Tophane’deki Antrepo No: 5, İstanbul’da gerçekleşecek olan yerel ve
uluslararası sergiler için talep edilen mekan ihtiyacını karşılamak üzere
İstanbul 2010 Avrupa Kültür Başkenti Ajansı tarafından yenilenerek “İstanbul
2010 AKB Sanat Limanı”na dönüştürüldü. Mekanda paralel olarak görücüye çıkan
dört etkinlikten biri, Eleni Kotsoni, Raziye Kubat ve Çağrı Saray’ın işlerinden
oluşan “A Space Between / Aramızdaki Mekân” sergisi…
Kar amacı gütmeyen
bir kurum olarak, Yunanistan’ın sanayi öncesi ve sanayileşme sürecindeki
gelişmesini araştırmayı ve göstermeyi hedefleyen Piraeus Bank Grup’un Kültür
Vakfı projesi olarak hayata geçirilen güncel sanat sergisi, mekâna özel bir
enstalasyon olarak nesneler, çizimler ve resimler ile Yunan ve Türk sanatçılar
arasında diyalog açan bir etkinlik oluşturuyor.
Serginin açıklama
metninde, Eleni Kotsoni’nin işleri hakkında şu ifadelere yer
veriliyor:
“Eleni Kotsoni’nin eseri, genellikle mekân kavramını
düşüncenin yeri olarak ve geçiş kavramını bir güzergâh ve kayıtlama olarak
belirtir. Yarattığı mekâna özel yerleştirmelerde, çizimler, resimler,
fotoğraflar, dokunmuş kumaşlar, tahta parçaları, gündelik yaşamın basit
malzemeleri ve eski eserlerinden geriye kalan parçaları kullanır; böylece bir
çeşit ‘günce mekânı’ yaratır.
“Çizimlerinde örnek uygarlık motifleri
kullanır; bunları sürekli bir düzenleme sürecinde tanımlar. Bir ön bakışla
sayısız rastlantısal biçimlere uyarlanabilen, çeşitli öğelerden oluşan ve
izleyicinin içinde kendisinin var olabileceği bir mozaik
oluşturur.”
“Aramızdaki Mekan” sergisinde Raziye Kubat’ın “A4 Ahşap
Sayfalar” ve “Türkiye Vapuru” çalışmaları da yer alıyor. “A4 Ahşap Sayfalar”,
sanatçının İspanya’daki konuk sanatçı programına katılımı süresince ürettiği,
küçük ahşap kartlar üzerine farklı tekniklerle aldığı notlardan oluşuyor.
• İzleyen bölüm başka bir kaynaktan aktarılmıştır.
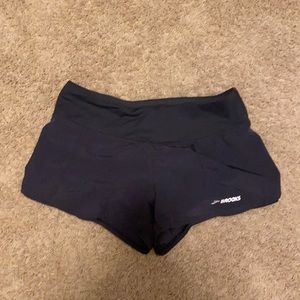 NWOT Brooks running shorts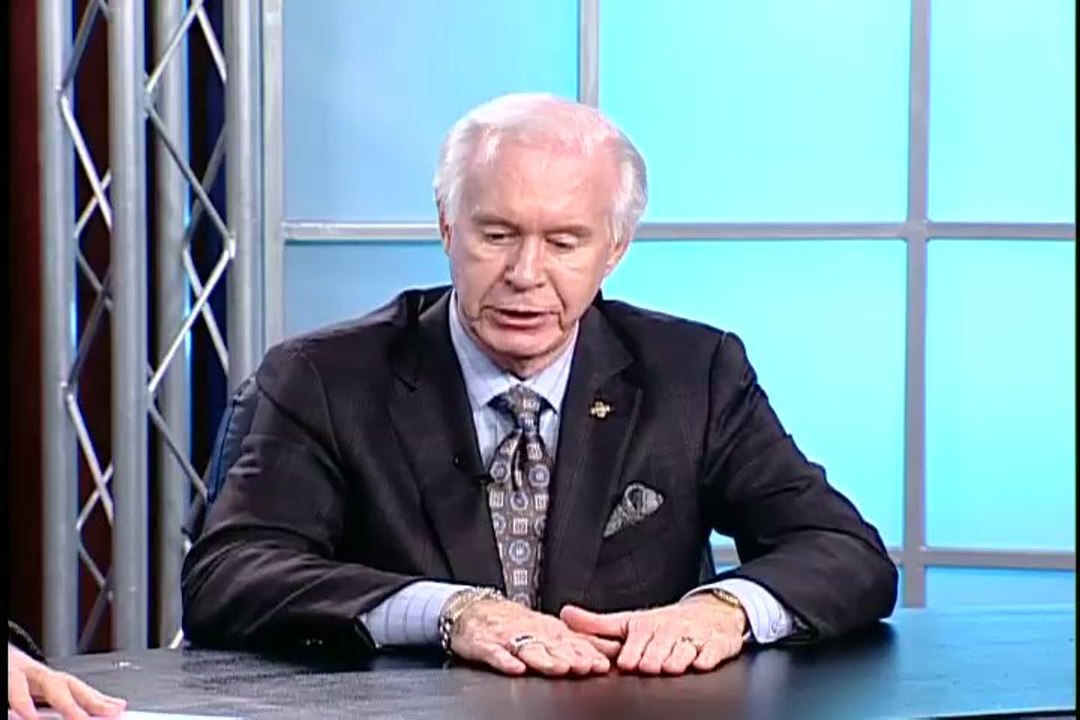 Smiles by Mary TV show with Dr Terrel Myers Setting Veneers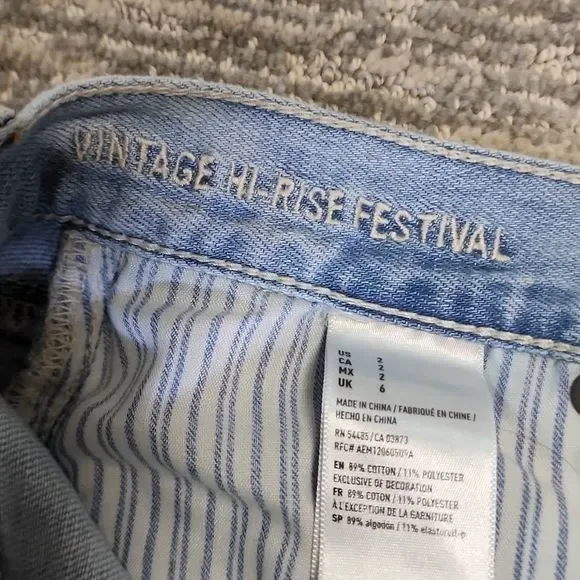 American Eagle high rise denim shorts - Picture 4 of 9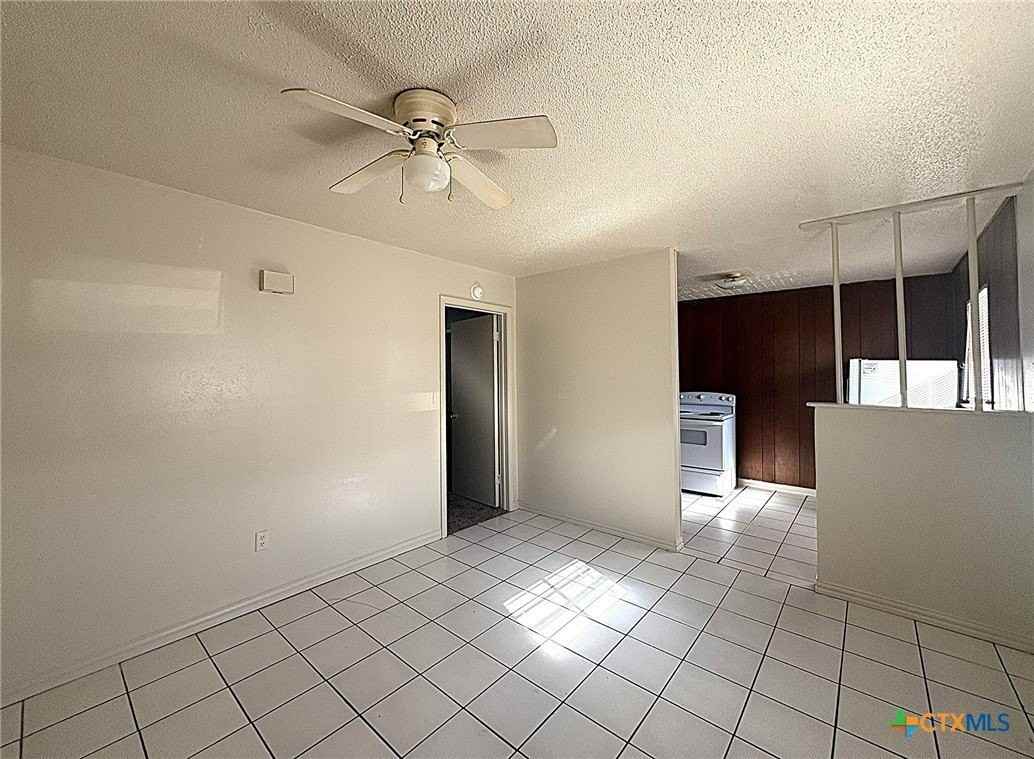 602 Sunset Ln #B - Photo 3 of 9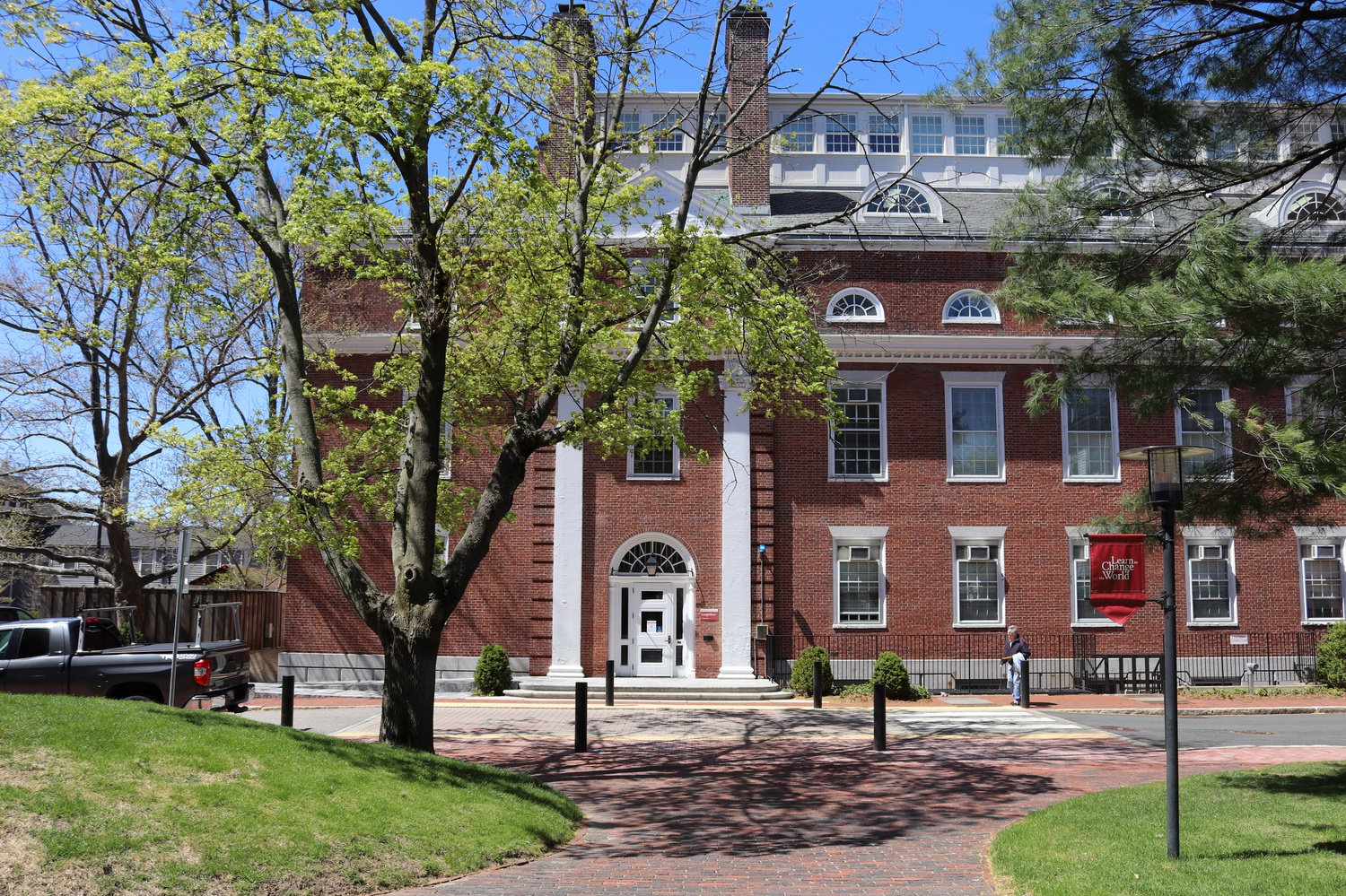 Tất tần tật về chương trình thạc sĩ Havard đang hot: Tỉ lệ được nhận cao gấp 6 lần bậc cử nhân, chi phí lên đến 2,7 tỷ/năm học- Ảnh 3.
“Türkiye Vapuru” isimli çalışması ise bu sayfalara eşlik ediyor.
Çağrı Saray ise sergiye yeni bir yerleştirmeyle katılıyor. Sanatçının sergide
görülebilecek işi hakkındaki açıklaması şöyle:
“Geride bıraktığı hayatı
ve Kayıp Oda’yla birlikte sırra kadem basan tüm geçmişi artık çok uzaklarda… Her
ne kadar öfkesini tek bir kişiye odaklamış olsa da, karşısında intikam alması
gereken koca bir şehir var; doğup büyüdüğü, ‘ev’ dediği yer ve bir bayrak… Adam,
kaderini yazmak üzere şehrin tepesindeki yerini almış durumda. Sabahın ilk
ışıklarıyla başlayan bu bekleyiş, şehri aniden saran sesle geri dönüşü olmayan
bir ritüele dönüşüyor. Ses, tüm evlerin duvarlarına, çatılarına, antenlerine
çarpıyor. Tüm şehir bu rezonansa direnç gösteriyor. Yakında hiçbir şey eskisi
gibi olmayacak.”
Sergi, 30 Temmuz – 19 Eylül 2010 tarihleri arasında
görülebilir.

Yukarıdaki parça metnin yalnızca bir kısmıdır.